As a generalized interpretation, Protestants have grown to be a very relevant minority in Southern Mexico and to a lesser though still significant percentage in Northern Mexico, especially in border states (and particularly those that border Texas). Places where Protestantism has not become such a big minority are the West and the central parts (known as the Bajío), which is known as a very Catholic region. The following chart shows us the variations of religious affiliation of the Mexican population by state and doctrine to which inhabitants older than 5 adhere:

| State | Population | % Catholic | % Evangelical /Protestant | % Non-Evang.
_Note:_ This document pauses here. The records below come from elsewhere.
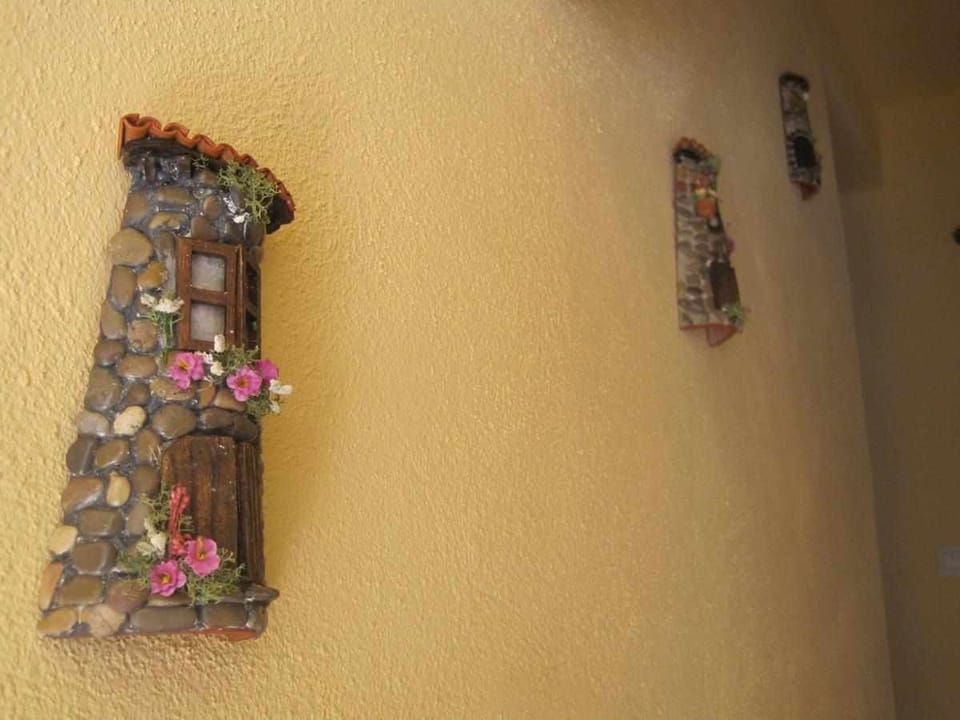 Interior detail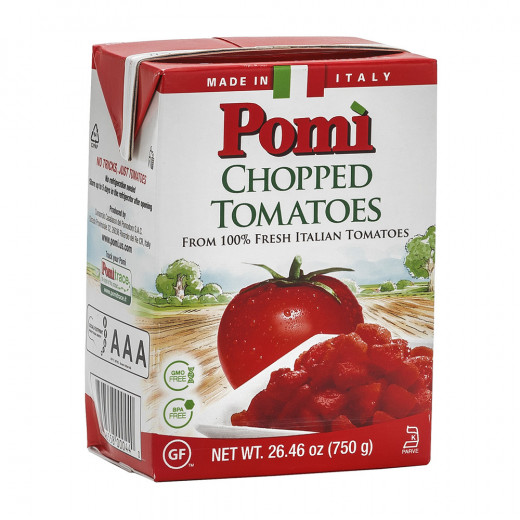 Pomito Chopped Tomatoes - 750g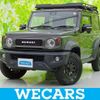 suzuki jimny-sierra 2018 quick_quick_3BA-JB74W_JB74W-102787 image 1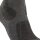 FALKE Herren Trekking-Socken 2er Pack - TK2 Adventure Men, Wandersocken, Starke Polsterung, Merinowolle Dunkelgrau 42-43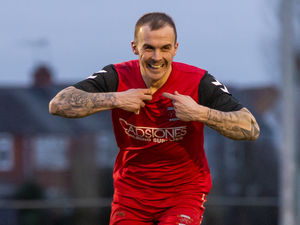 Supporting image for story: Hughes hat-trick gets Whitchurch Alport's season back on track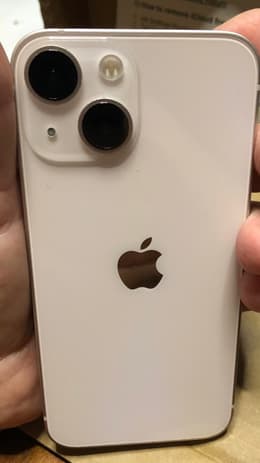 iPhone 13 mini 512GB - Starlight - Unlocked | Back Market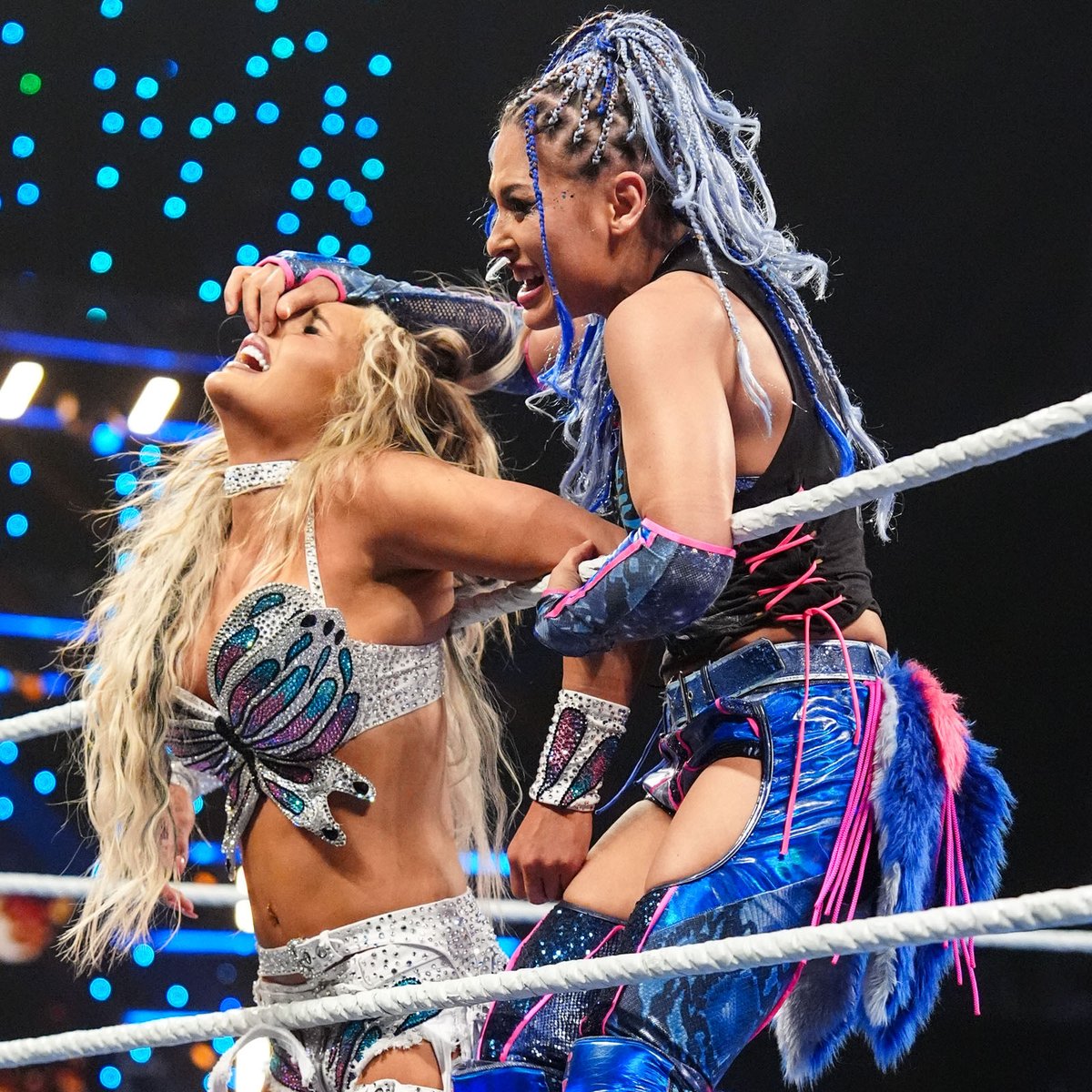 WWE Japan tweet media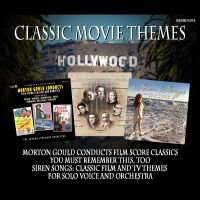 Classic Movie Themes Collection - Classic Movie Themes Collection in der Gruppe CD / Pop-Rock bei Bengans Skivbutik AB (5559031)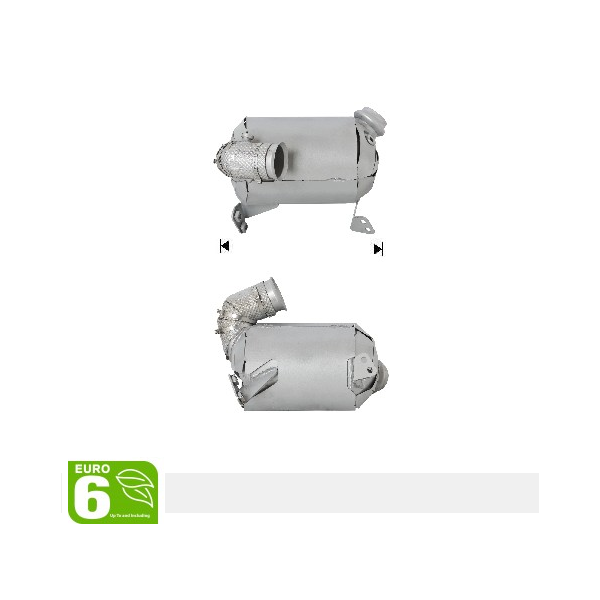 Catalyseur PEUGEOT BOXER 2.0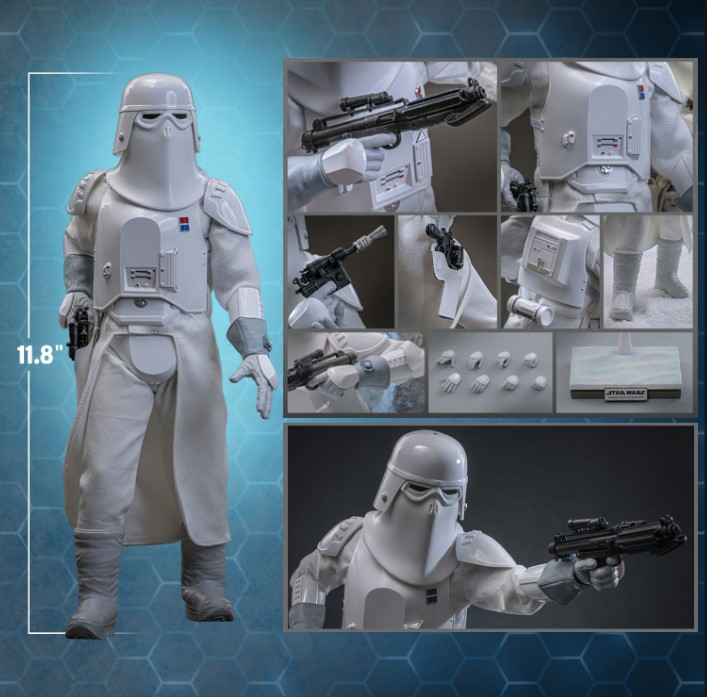 ホットトイズ MMS835 『スター・ウォーズ エピソード5／帝国の逆襲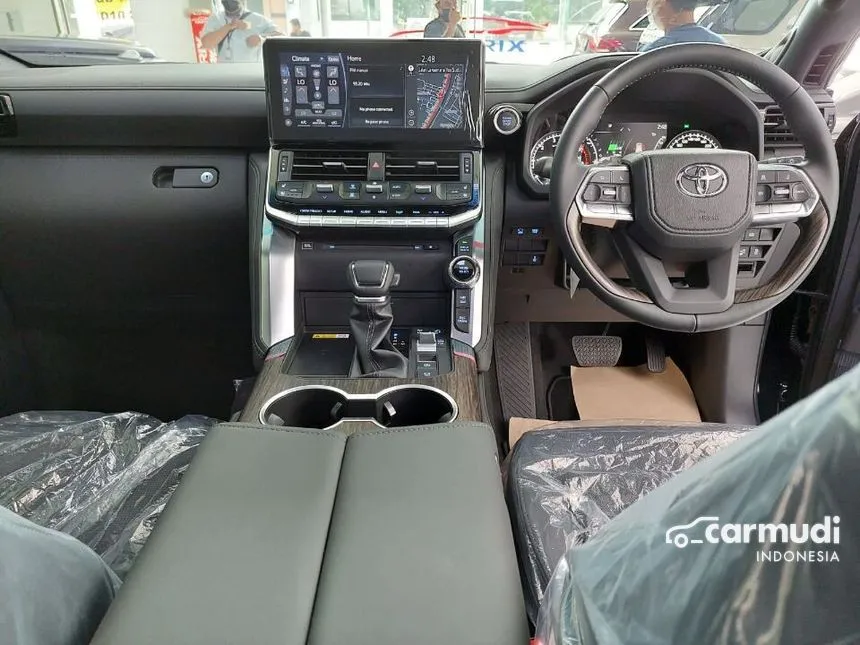 2021 Toyota Land Cruiser 70th Anniversary XV-R SUV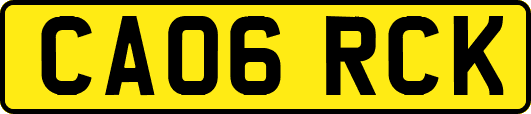 CA06RCK
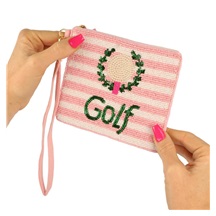 Best of Golf America Paloma Beaddie taška na cennosti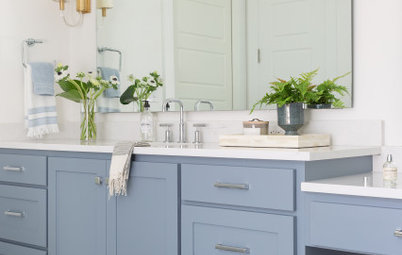 11 Ways to Get the Luxurious Bathroom Look For Less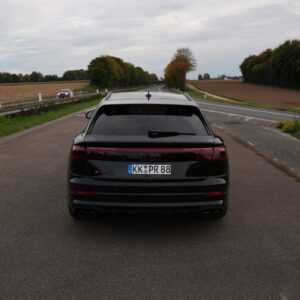 Audi SQ8 Hinten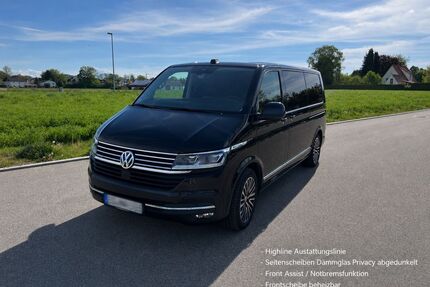 VW T6 Multivan Gebrauchtwagen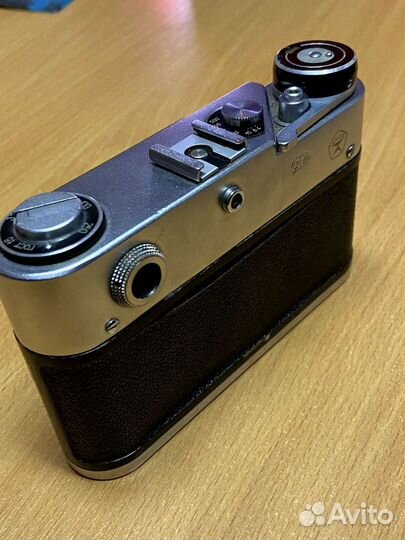Фотоаппарат Фэд-2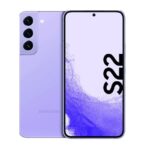 Telefon Mobil Galaxy S22 S901 Samsung Galaxy S22 Dual SIM 8GB RAM 128GB 5G Bora Purple RF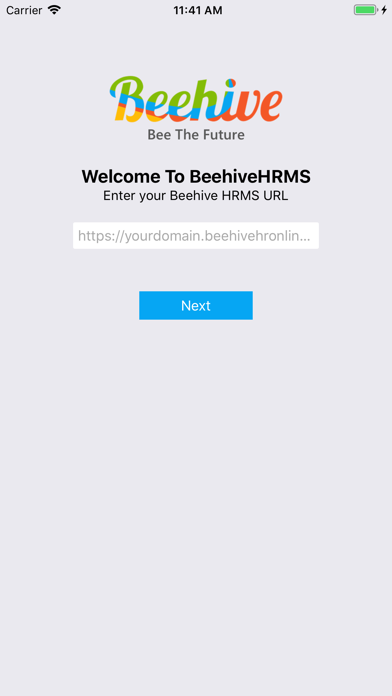BeehiveHRMS-OnCloud screenshot 2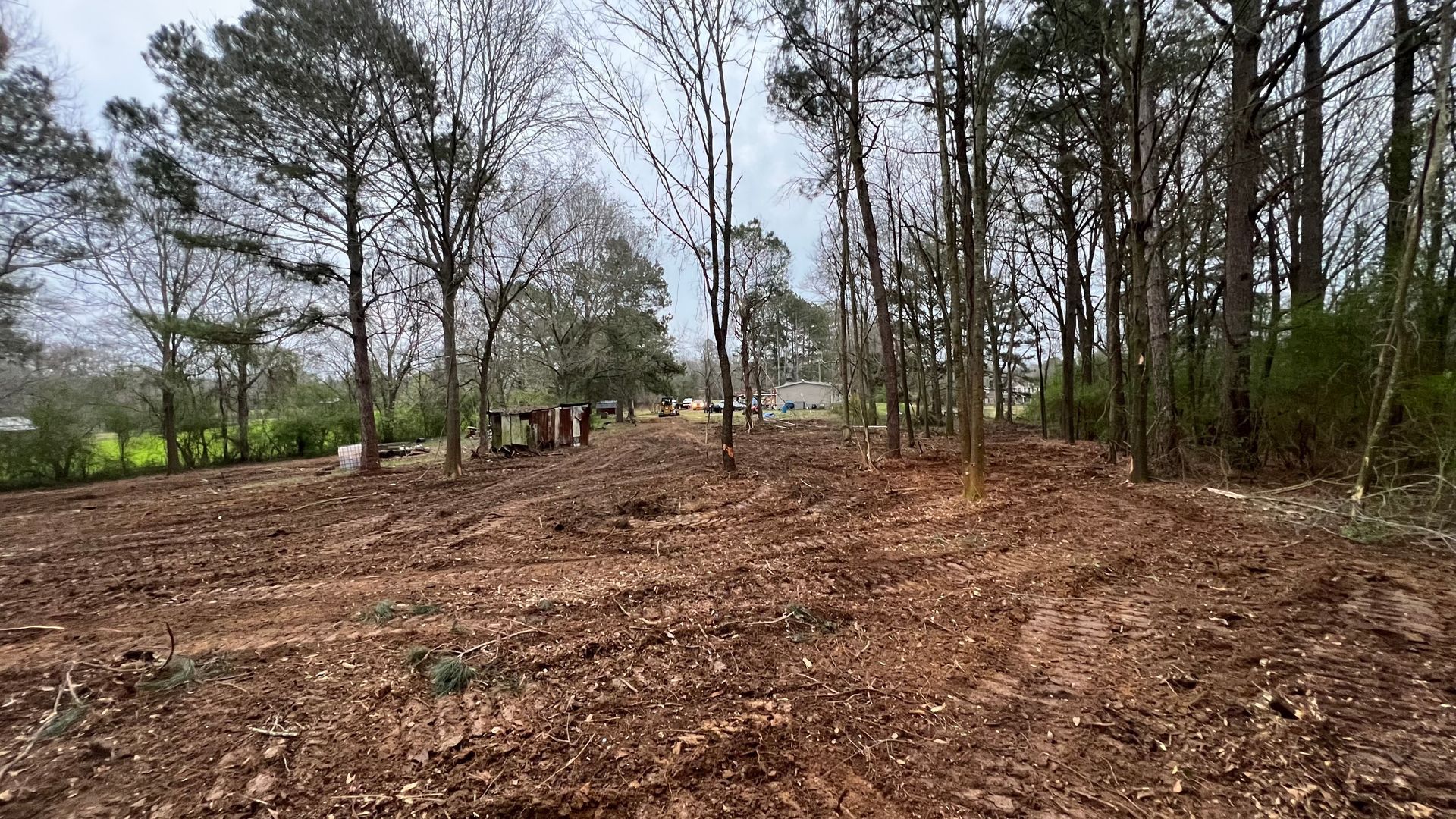 Picture of dirt work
Biblical | % Atheist | % Other | % Unspecified |
|---|---|---|---|---|---|---|---|
| Aguascalientes | 822,037 | 96.07 | 1.79 | 0.66 | 0.10 | 0.89 | 0.49 |
| Baja California | 2,181,179 | 82.43 | 7.79 | 2.59 | 0.30 | 5.89 | 1.00 |
| Baja California Sur | 372,466 | 89.61 | 3.68 | 2.05 | 0.19 | 3.33 | 1.14 |
| Campeche | 609,648 | 75.04 | 11.94 | 4.27 | 0.17 | 8.09 | 0.49 |
| Coahuila | 2,031,773 | 87.23 | 6.79 | 1.55 | 0.11 | 3.70 | 0.62 |
| Colima | 479,149 | 92.96 | 3.10 | 1.45 | 0.10 | 1.86 | 0.53 |
| Chiapas | 3,393,573 | 64.46 | 14.50 | 8.09 | 0.06 | 2.95 | 0.57 |
| Chihuahua | 2,683,956 | 85.40 | 6.52 | 1.94 | 0.15 | 5.38 | 0.61 |
| Distrito Federal | 7,787,688 | 90.57 | 3.61 | 1.37 | 1.02 | 2.95 | 0.48 |
| Durango | 1,266,521 | 90.72 | 3.79 | 1.91 | 0.06 | 2.95 | 0.57 |
| Guanajuato | 4,064,431 | 96.07 | 1.39 | 0.77 | 0.18 | 0.93 | 0.66 |
| Guerrero | 2,656,187 | 89.42 | 4.58 | 2.04 | 0.40 | 3.08 | 0.48 |
| Hidalgo | 1,974,004 | 90.63 | 5.41 | 1.38 | 0.40 | 1.69 | 0.49 |
| Jalisco | 5,567,957 | 95.39 | 2.06 | 0.89 | 0.13 | 1.04 | 0.49 |
| Michoacán | 3,487,151 | 95.12 | 1.70 | 1.02 | 0.16 | 1.43 | 0.57 |
| Morelos | 1,373,243 | 83.22 | 7.96 | 3.08 | 0.63 | 4.28 | 0.83 |
| Nayarit | 809,050 | 92.85 | 2.67 | 1.47 | 0.13 | 2.54 | 0.34 |
| Nuevo León | 3,405,823 | 88.19 | 6.28 | 1.96 | 0.14 | 2.96 | 0.47 |
| Oaxaca | 3,006,497 | 85.15 | 7.73 | 2.43 | 0.25 | 3.93 | 0.51 |
| Puebla | 4,440,642 | 91.54 | 4.33 | 1.69 | 0.42 | 1.38 | 0.64 |
| Querétaro | 1,230,278 | 95.37 | 1.89 | 0.96 | 0.20 | 0.97 | 0.61 |
| Quintana Roo | 762,866 | 71.76 | 12.52 | 4.74 | 0.42 | 9.81 | 0.75 |
| San Luis Potosí | 2,011,828 | 91.53 | 4.95 | 1.01 | 0.17 | 1.82 | 0.52 |
| Sinaloa | 2,239,357 | 87.67 | 2.86 | 2.12 | 0.12 | 6.72 | 0.51 |
| Sonora | 1,945,692 | 88.62 | 4.68 | 1.86 | 0.10 | 4.11 | 0.63 |
| Tabasco | 1,660,813 | 72.26 | 13.01 | 5.34 | 0.15 | 8.86 | 0.38 |
| Tamaulipas | 2,428,828 | 83.14 | 8.78 | 2.52 | 0.21 | 4.71 | 0.64 |
| Tlaxcala | 844,878 | 93.20 | 3.05 | 1.39 | 0.55 | 0.98 | 0.83 |
| Veracruz | 6,121,833 | 82.90 | 6.88 | 3.67 | 0.21 | 5.88 | 0.46 |
| Yucatán | 1,476,223 | 84.73 | 8.20 | 2.97 | 0.15 | 3.42 | 0.53 |
| Zacatecas | 1,184,735 | 95.05 | 2.12 | 0.89 | 0.07 | 1.32 | 0.55 |
| State of México | 11,611,426 | 91.26 | 3.78 | 1.58 | 0.87 | 1.94 | 0.57 |

Source, Socbiblicademexico website

==Freedom of religion==
The constitution declares that Mexico is a secular state and provides for the right to religious freedom.

In 2023, the country was scored 4 out of 4 for religious freedom. In the same year, the country was ranked as the 38th most difficult place in the world to be a Christian.